Fig. 2.

CircEPHB4 necessarily and sufficiently promoted cancer stemness of glioma cells. (A,B) The expression levels of circEPHB4 were measured by qRT‐PCR and compared between indicated cells. (C,D) The stemness of indicated cells was examined by neurosphere formation assay, with representative images of formed neurospheres shown in (C) and the quantification results shown in (D). (E,F) The expression of CD133 on the surface of indicated cells was examined by flow cytometry in (E) and the quantification results are shown in (F). (G,H) The expression levels of stem‐cell markers Nestin, Oct4, Nanog, CD133 and CD44 were measured by Western blotting in indicated cells (G) and quantified as the ratio to GAPDH (H).
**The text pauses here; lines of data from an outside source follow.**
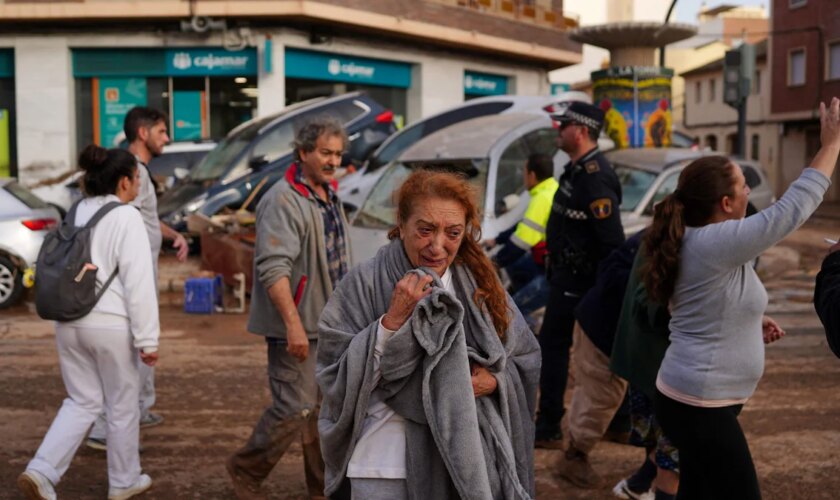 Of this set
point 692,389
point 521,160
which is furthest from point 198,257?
point 692,389

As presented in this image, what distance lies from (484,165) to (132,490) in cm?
579

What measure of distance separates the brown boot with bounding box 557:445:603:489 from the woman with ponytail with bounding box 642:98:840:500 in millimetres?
1560

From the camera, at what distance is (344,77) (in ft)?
84.9

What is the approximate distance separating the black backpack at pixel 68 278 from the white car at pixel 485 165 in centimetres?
469

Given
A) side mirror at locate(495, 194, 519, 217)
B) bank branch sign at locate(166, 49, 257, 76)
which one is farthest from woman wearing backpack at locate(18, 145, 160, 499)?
bank branch sign at locate(166, 49, 257, 76)

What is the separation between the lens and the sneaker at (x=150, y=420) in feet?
21.4

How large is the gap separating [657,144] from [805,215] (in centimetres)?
1162

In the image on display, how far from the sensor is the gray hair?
483cm

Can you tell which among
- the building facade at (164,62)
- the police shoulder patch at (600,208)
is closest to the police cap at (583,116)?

LN229 or SHG‐44 cells were engineered either to stably knock down (shcircEPHB4) or to overexpress circEPHB4 (OE‐circEPHB4). shNC or OE‐NC vector was used as the corresponding negative control for shcircEPHB4 or OE‐circEPHB4. Data are presented as mean ± SD from three independent experiments. Comparison between two groups was performed using Student’s t‐test and between three or more groups using one‐way ANOVA followed by Tukey’s post hoc test. *P < 0.05, **P < 0.01.